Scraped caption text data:
========================================
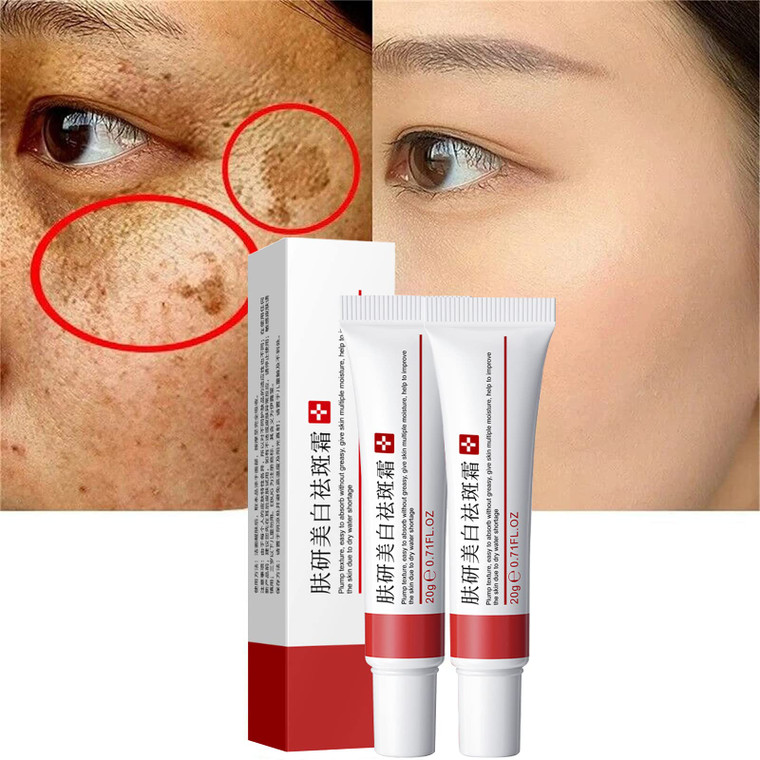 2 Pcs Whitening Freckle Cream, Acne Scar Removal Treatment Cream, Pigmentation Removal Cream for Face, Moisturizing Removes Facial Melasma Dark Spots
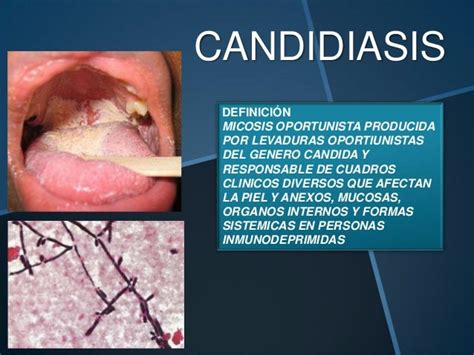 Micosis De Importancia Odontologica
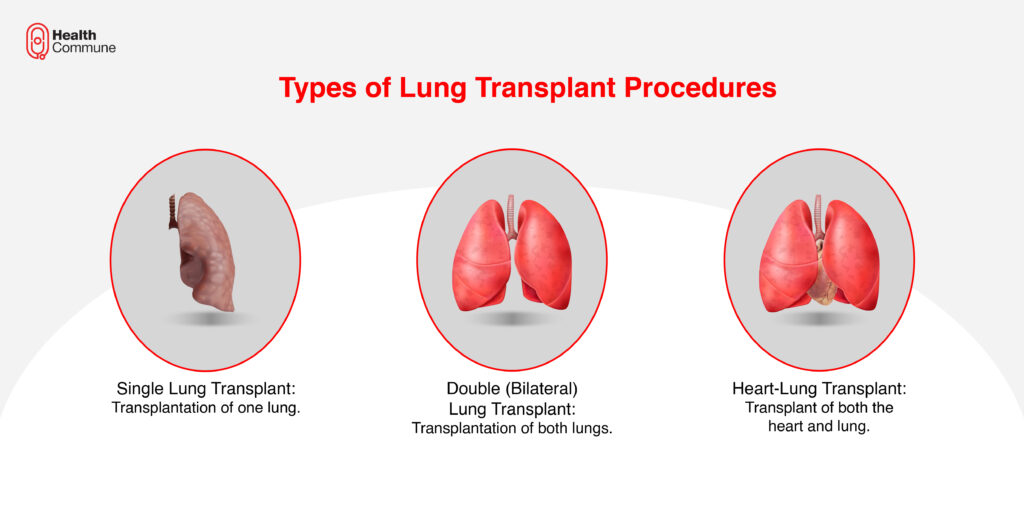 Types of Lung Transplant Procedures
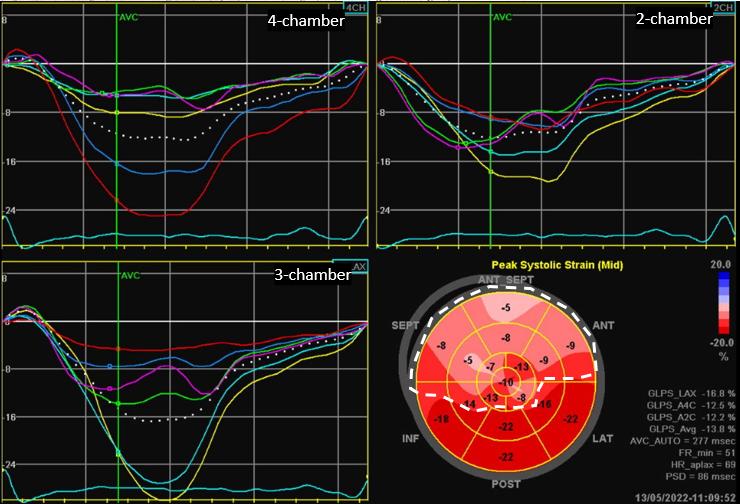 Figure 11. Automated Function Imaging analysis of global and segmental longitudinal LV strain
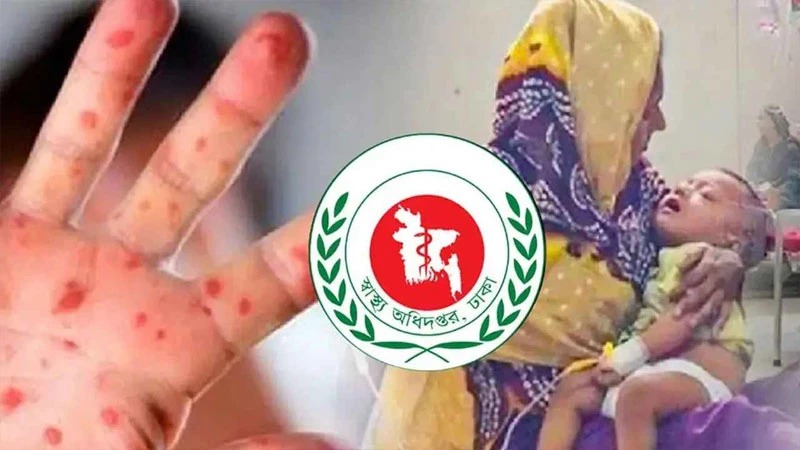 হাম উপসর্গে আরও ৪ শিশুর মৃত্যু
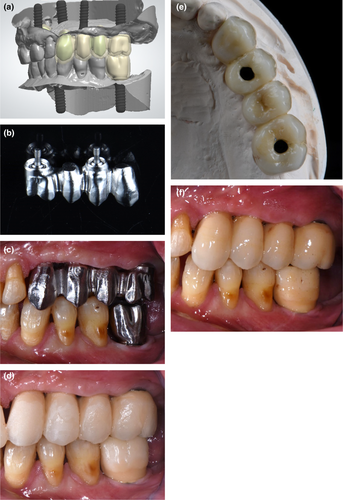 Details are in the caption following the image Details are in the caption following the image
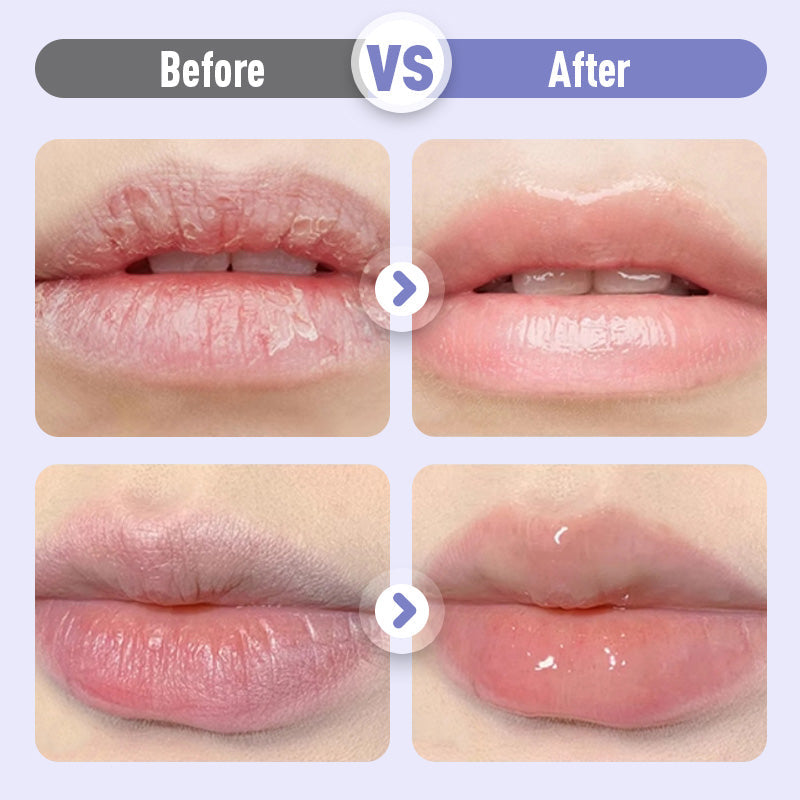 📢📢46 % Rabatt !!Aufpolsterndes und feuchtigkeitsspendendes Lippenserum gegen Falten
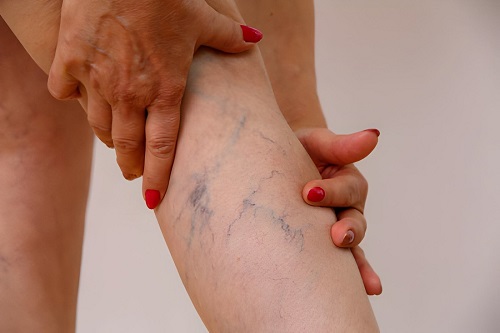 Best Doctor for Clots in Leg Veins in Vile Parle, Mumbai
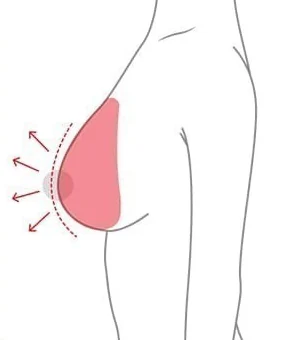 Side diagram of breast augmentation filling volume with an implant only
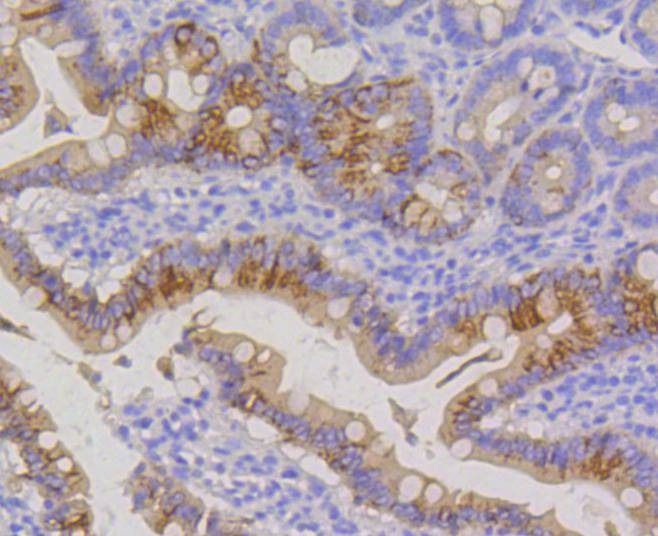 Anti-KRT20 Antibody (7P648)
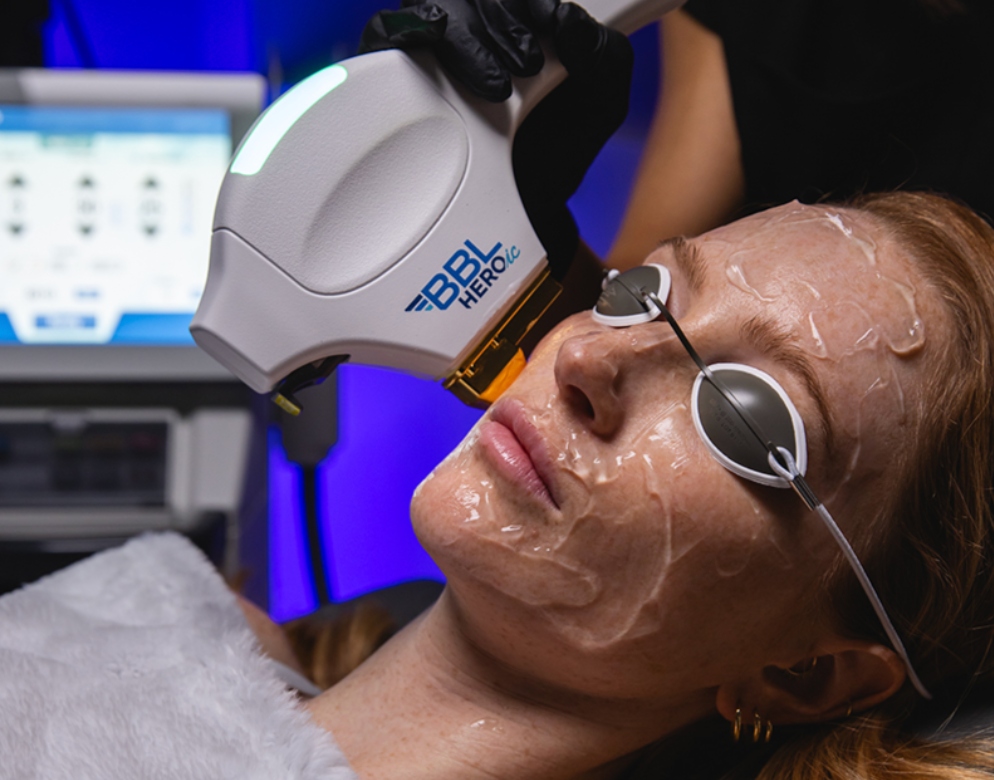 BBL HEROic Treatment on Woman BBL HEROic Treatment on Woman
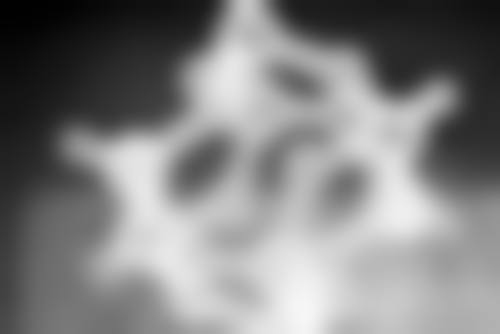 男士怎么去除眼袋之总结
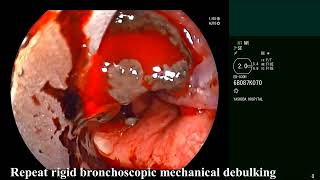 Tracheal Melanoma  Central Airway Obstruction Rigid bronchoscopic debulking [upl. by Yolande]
========================================
EXERCISE DETAILS: Please reproduce each entry above word for word and keep the pictures out of the copy.

SOLUTION TO THIS TASK:
 2 Pcs Whitening Freckle Cream, Acne Scar Removal Treatment Cream, Pigmentation Removal Cream for Face, Moisturizing Removes Facial Melasma Dark Spots
 Micosis De Importancia Odontologica
 Types of Lung Transplant Procedures
 Figure 11. Automated Function Imaging analysis of global and segmental longitudinal LV strain
 হাম উপসর্গে আরও ৪ শিশুর মৃত্যু
 Details are in the caption following the image Details are in the caption following the image
 📢📢46 % Rabatt !!Aufpolsterndes und feuchtigkeitsspendendes Lippenserum gegen Falten
 Best Doctor for Clots in Leg Veins in Vile Parle, Mumbai
 Side diagram of breast augmentation filling volume with an implant only
 Anti-KRT20 Antibody (7P648)
 BBL HEROic Treatment on Woman BBL HEROic Treatment on Woman
 男士怎么去除眼袋之总结
 Tracheal Melanoma  Central Airway Obstruction Rigid bronchoscopic debulking [upl. by Yolande]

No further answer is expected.